Herkes gider bir gün. Kavuşmanın heyecanın bilen, ayrılığın hüznünü de iyi taşır elbet. Bütün şiirler, şarkılar susar. Gece şimdi gecedir. Her şeyi olan yokluğu bilmez.
Biraz eksik olmalı insan dediğin, eksik olmalı ki, tamam olmayı beklesin!
*******************
Bir puzzle yapıp bitirmiştim yıllar önce. Çerçeve yaptırmaya götürürken farketmedim ve yolda bir parçasını düşürmüştüm. Tek bir parça sadece…
Aslında o parçayı koymasam bile yokluğu belli olmuyordu ama ben biliyordum işte olmadığını.
Koskoca puzzle’nın hiçbir değeri kalmadı gözümde. Aklım hep o kaybolan tek parçasındaydı. Sonra, günler sonra eve girerken yerde gördüm parçayı.
Hemen eğildim aldım, epey yağmur yemişti ve kağıt olmasından dolayı şişmişti.
Ne yapsam yerine oturmayacaktı fakat yine de oturtmaya çalıştım boş kalan yere.
Yok, olmadı…
İşte o zaman anlamıştım, o çerçeve hep eksik kalacak yerine ne koyarsan koy
asla o parçanın yerini tutmayacaktı. Kimse bilip görmeyecekti yokluğunu ama ben biliyordum işte.
Oraya her baktığımda o tabloyu değil, olmayan parçayı görecektim ve onun nasıl ayrıldığını, nasıl bedbaht durumda bulduğumu hatırlayacaktım her seferinde.
Kaybetmekti,
Yerine bir şey koyamamaktı,
Yerine ne koyarsan koy, hep eksik kalmaktı adı.

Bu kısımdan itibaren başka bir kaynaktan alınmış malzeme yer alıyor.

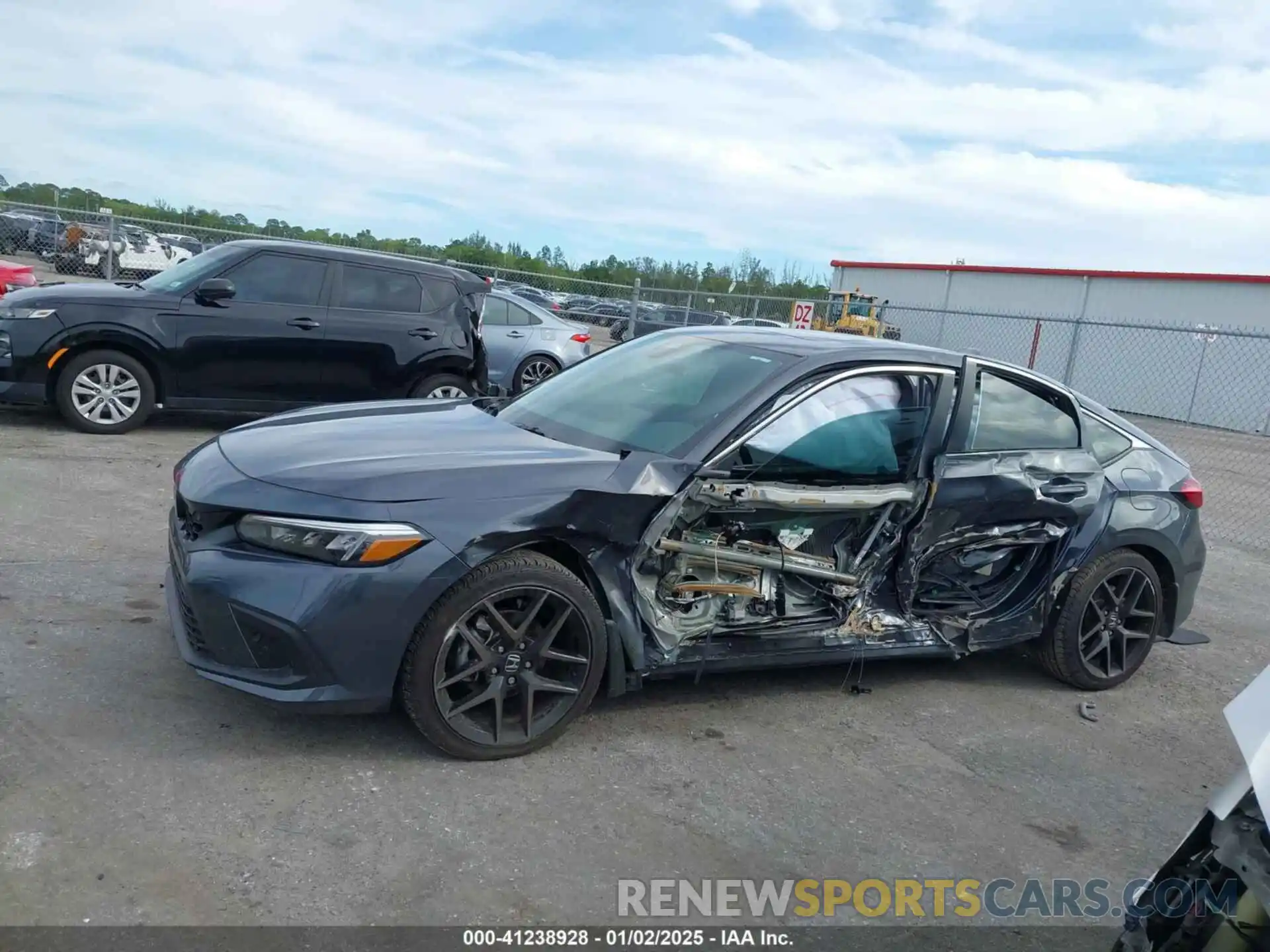 14 Photograph of a damaged car 19XFL1H81RE024247 HONDA CIVIC 2024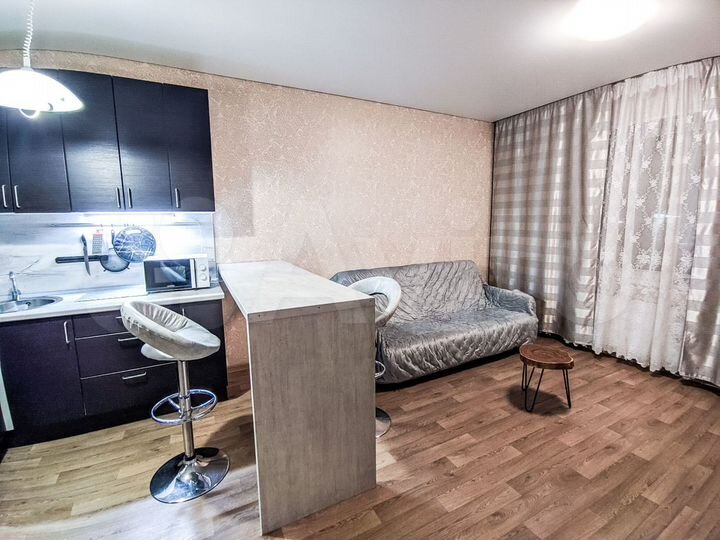 2-к. квартира, 56 м², 13/25 эт.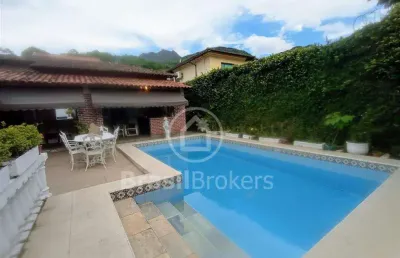 Oportunidade única! bela casa, na freguesia, linear com piscina e jardim, 4 quartos, sendo 1 suíte, escritório e segurança.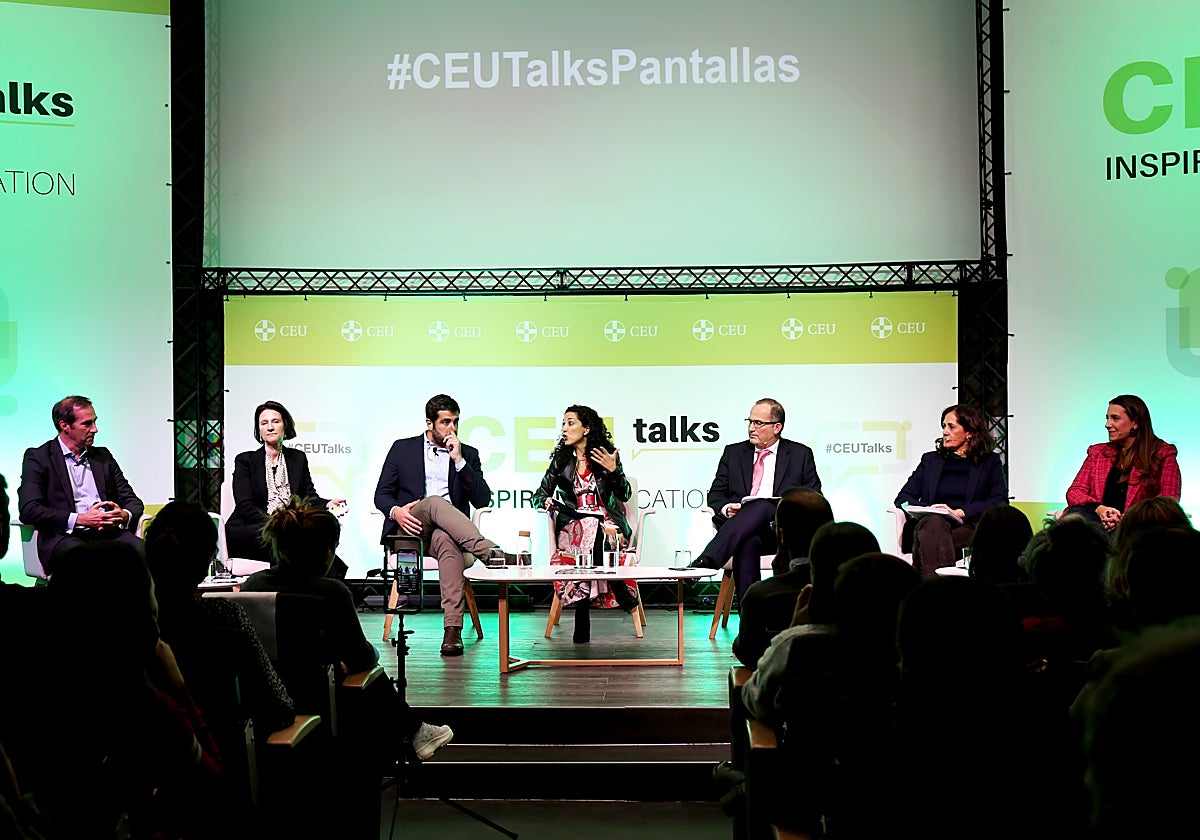 Los ponentes aseguraron que la pedagogía familiar es necesaria para aprender a manejar la tecnología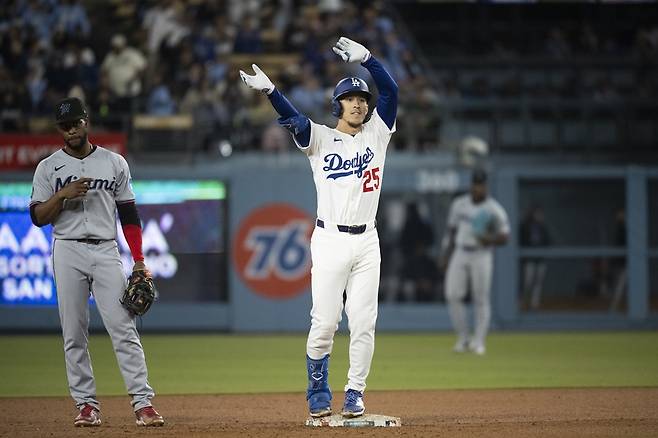 다저스 멀티 플레이어 에드먼(25번)은 올 시즌 팀 내 홈런, 타점 2위 등 맹활약을 이어가고 있다. 내년 3월 열릴 WBC에서 대표팀에 큰 힘이 될 수 있을지 벌써 많은 관심이 쏠린다. 연합뉴스 AP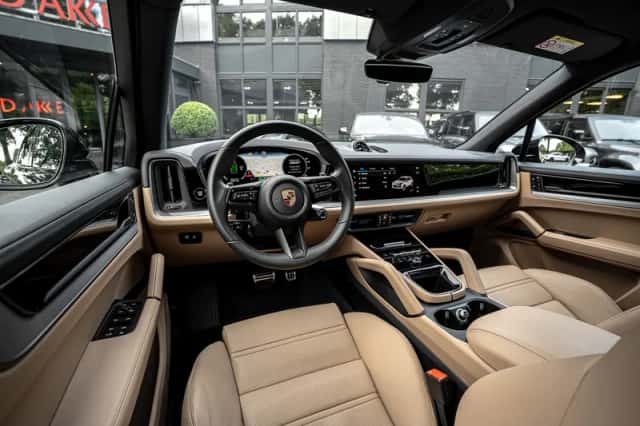 Porsche Cayenne E-Hybrid (2025) thumbnail 3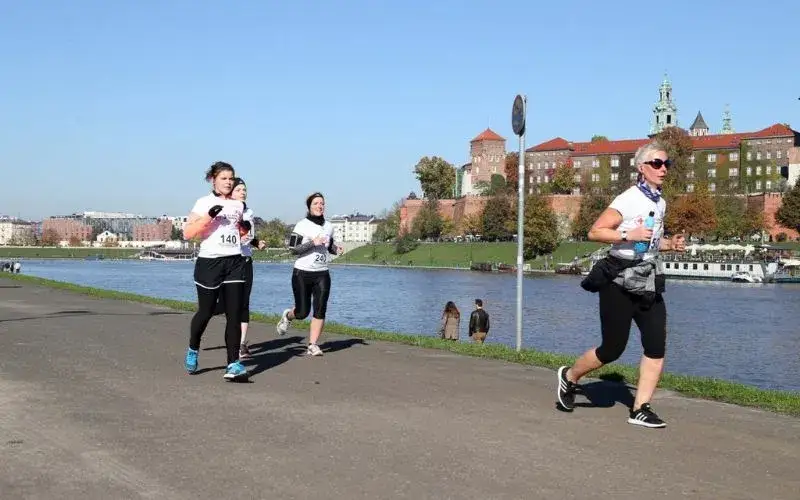 Bieganie w Krakowie: Trasy, grupy, imprezy. Twój biegowy raj!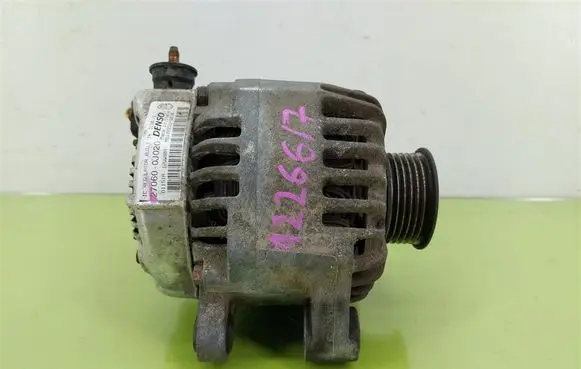 Toyota Yaris Generator/alternator 270600J020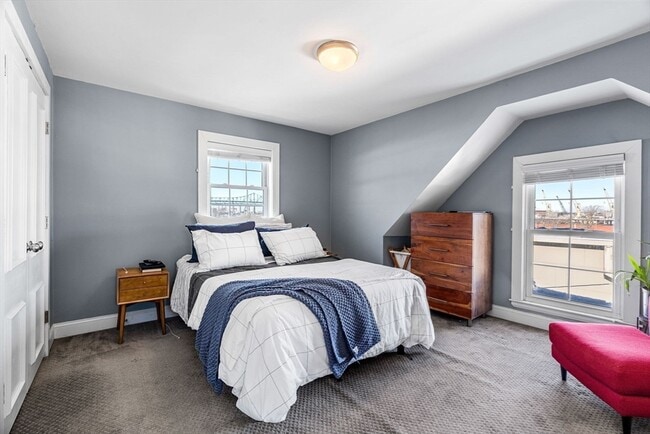 Building Photo - 87 Condor St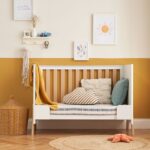 Tutti Bambini Fuori Mini Cot Bed White/Light Oak – Cots & Cot Beds - Cocun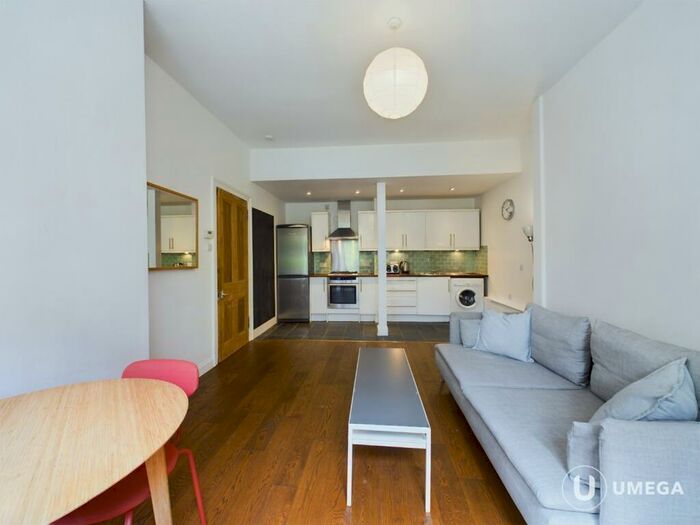 1 Bedroom Flat To Rent In Broughton Road, Broughton, Edinburgh, EH7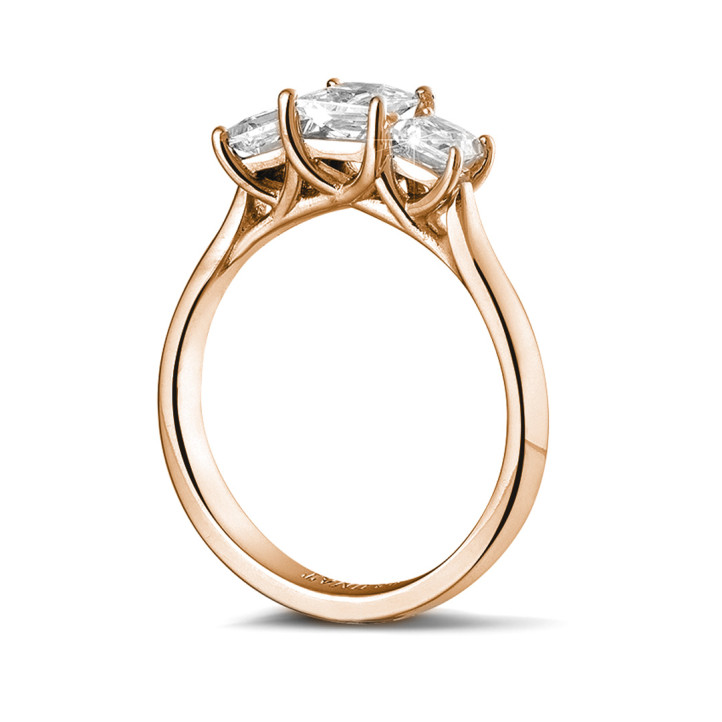1.05 carat trilogy ring in red gold with princess diamonds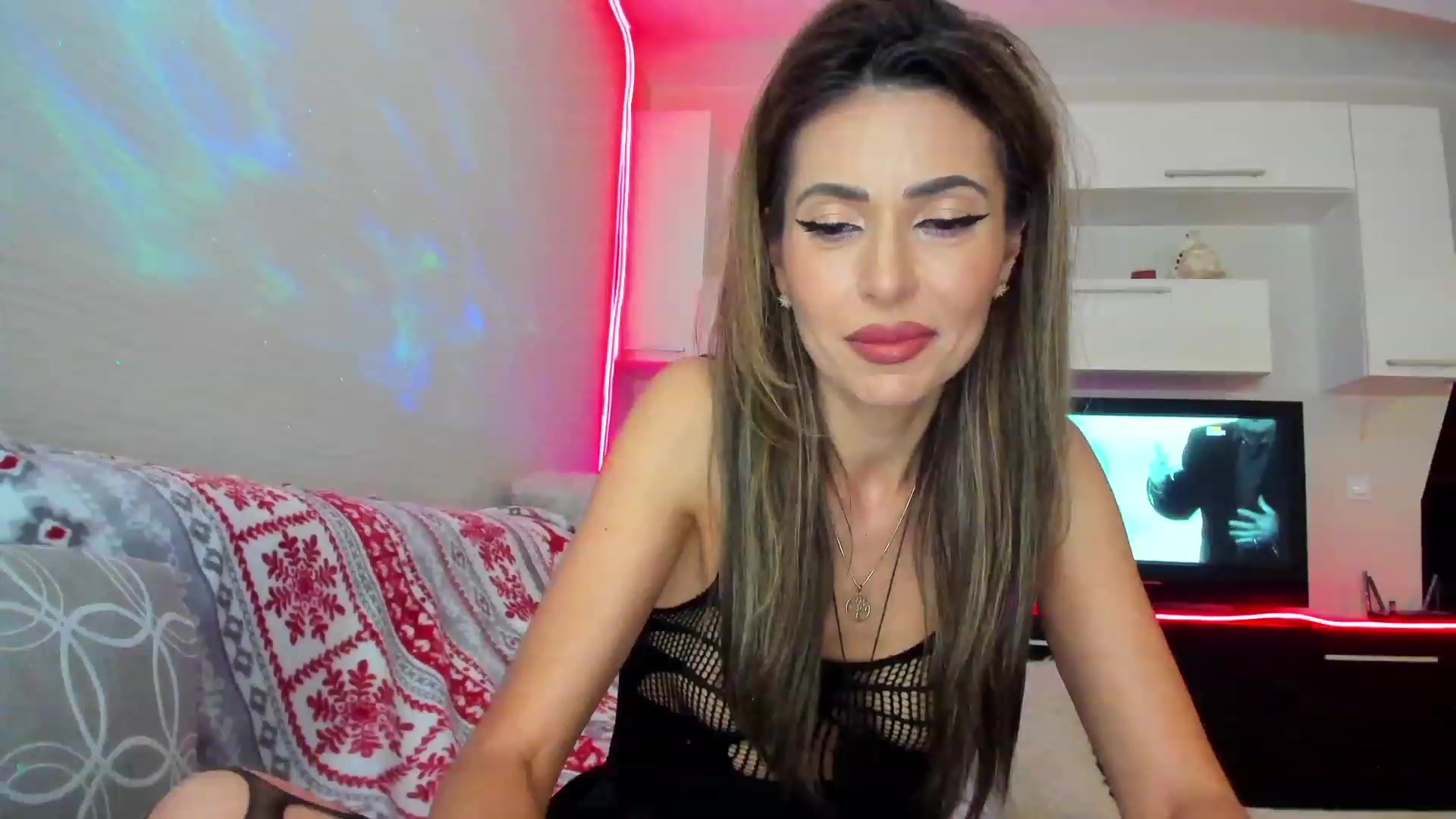 Gallery image thumbnail from SmileyTinaa's myfreecams stream on, 05/11/2023, 24:03 image 3 of 20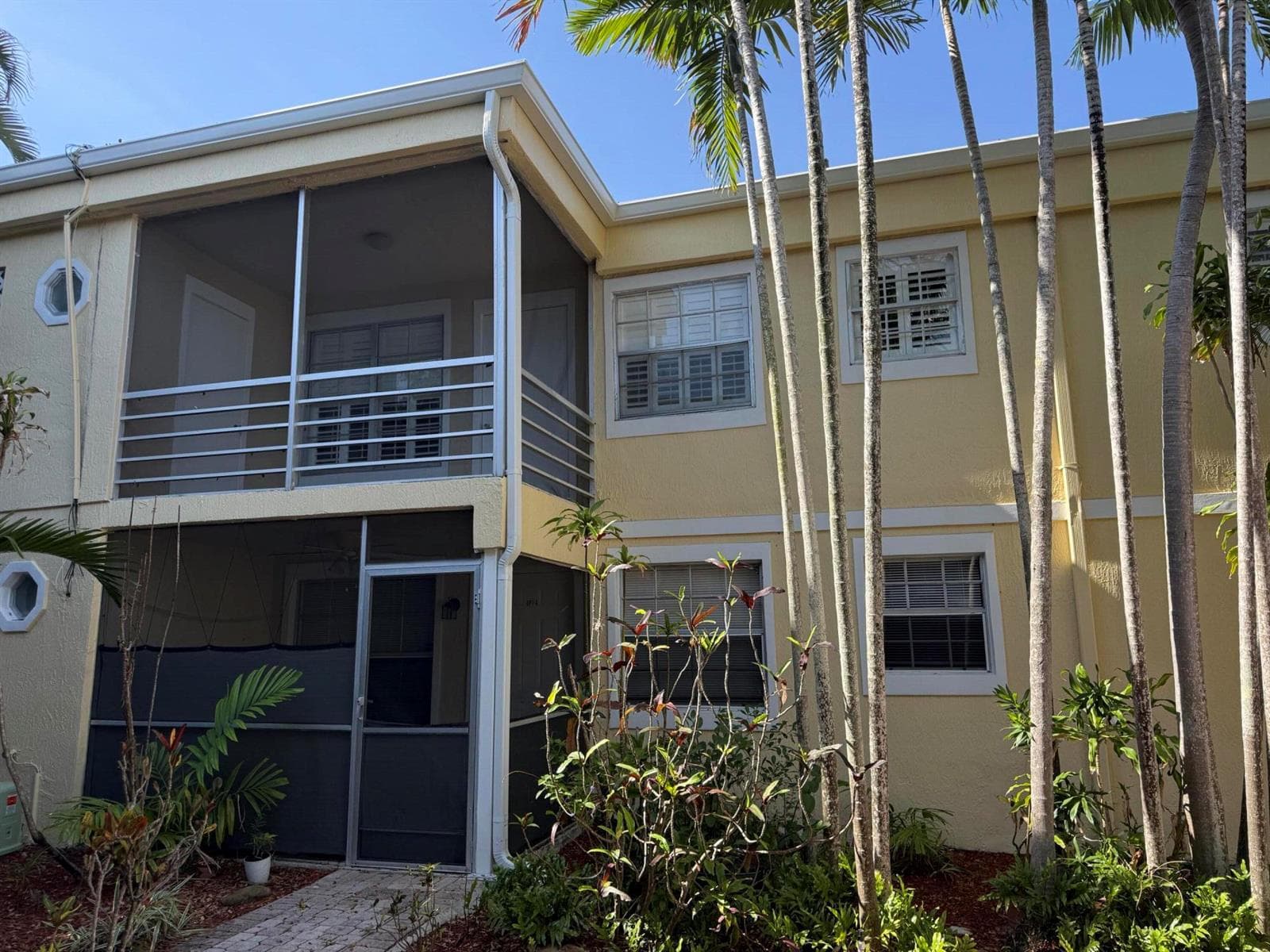 320 SE 10TH Avenue # C, Pompano Beach FL 33060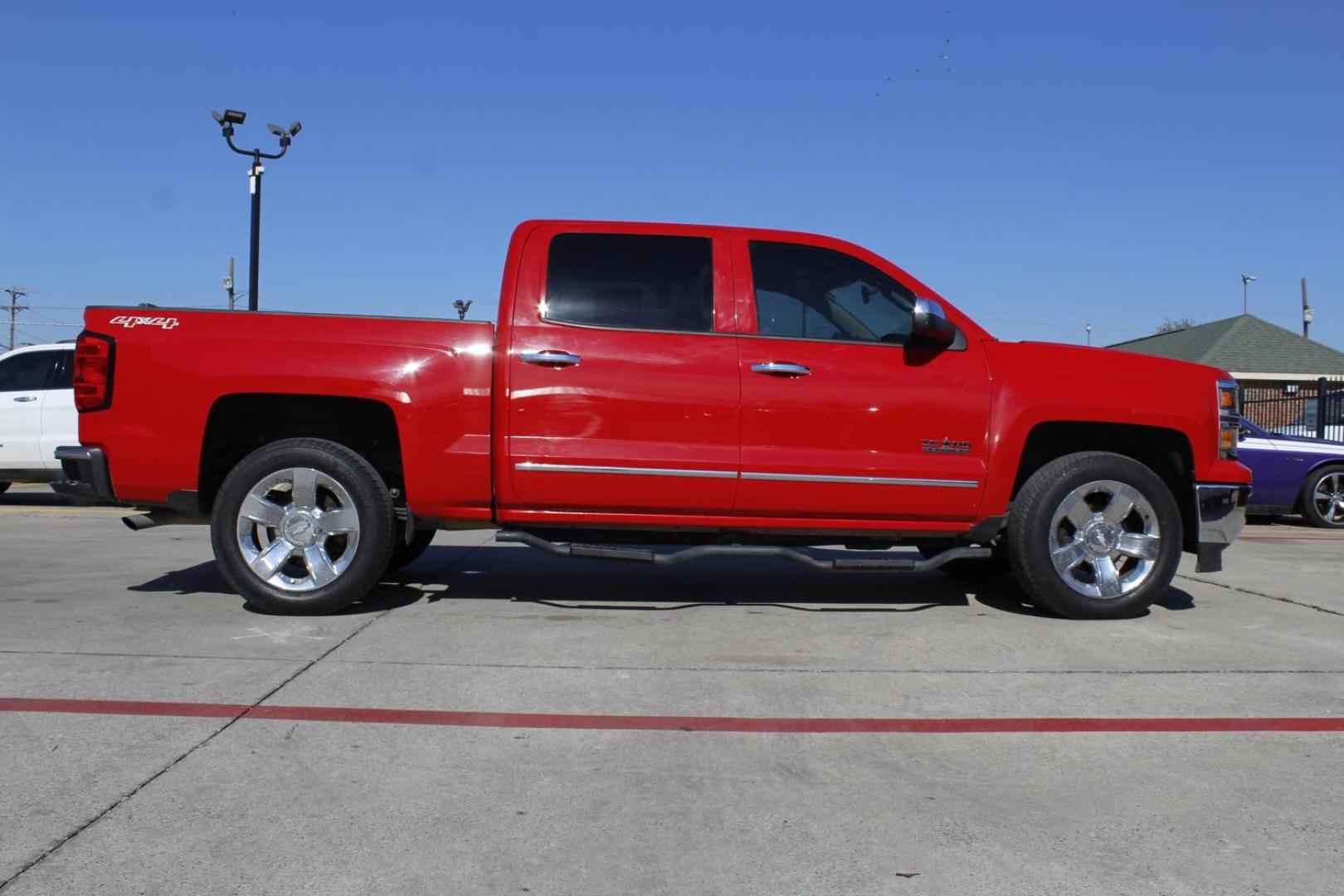 2014 red Chevrolet Silverado 1500 1LZ Crew Cab 4WD (3GCUKSEC1EG) with an 5.3L V8 OHV 16V engine, 6-Speed Automatic transmission, located at 2401 E Main St., Grand Prairie, TX, 75050, (972) 262-4440, 32.748981, -96.969643 - Photo#8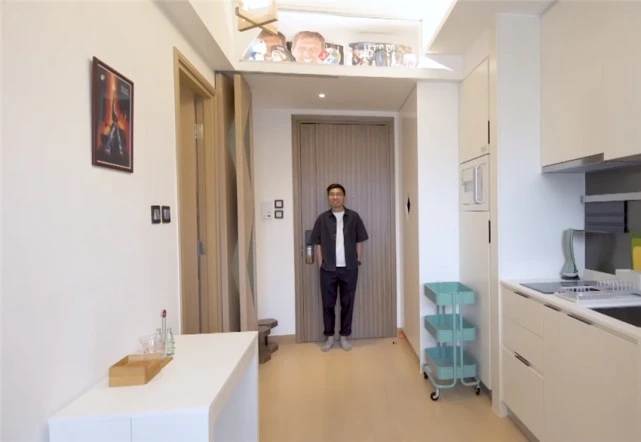 Cặp đ&ocirc;i sống trong căn hộ 32m&sup2; ở HongKong: Vắt &oacute;c nghĩ c&aacute;ch b&agrave;i tr&iacute;, kh&ocirc;ng d&aacute;m l&atilde;ng ph&iacute; 1 centimet n&agrave;o- Ảnh 4.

Böyleydi işte yokluğun bendeki tanımı…
Kavuşmak bir akşam melisa kokusunda,
Sarılmak bir bahar akşamında
Aşka davet gecenin sabahına
Gönlüme hoş geldin, hoşça geldin sevgili
Kumsala vuran dalganın taşında
Kapkara gökyüzünün bir yıldızında
Sabaha çok yakın, çabucak geçen anlarda
Dizimde başınla, hoşça geldin sevgili
Geçmez saatlerde yola bakmaktı aşk
Her an çıkacakmış gibi köşeden bekleyişti aşk
Geldin ya sevgili geldin ya, şimdi bitti gurbetim
Seni bana uzak eden yollardaydı aşk...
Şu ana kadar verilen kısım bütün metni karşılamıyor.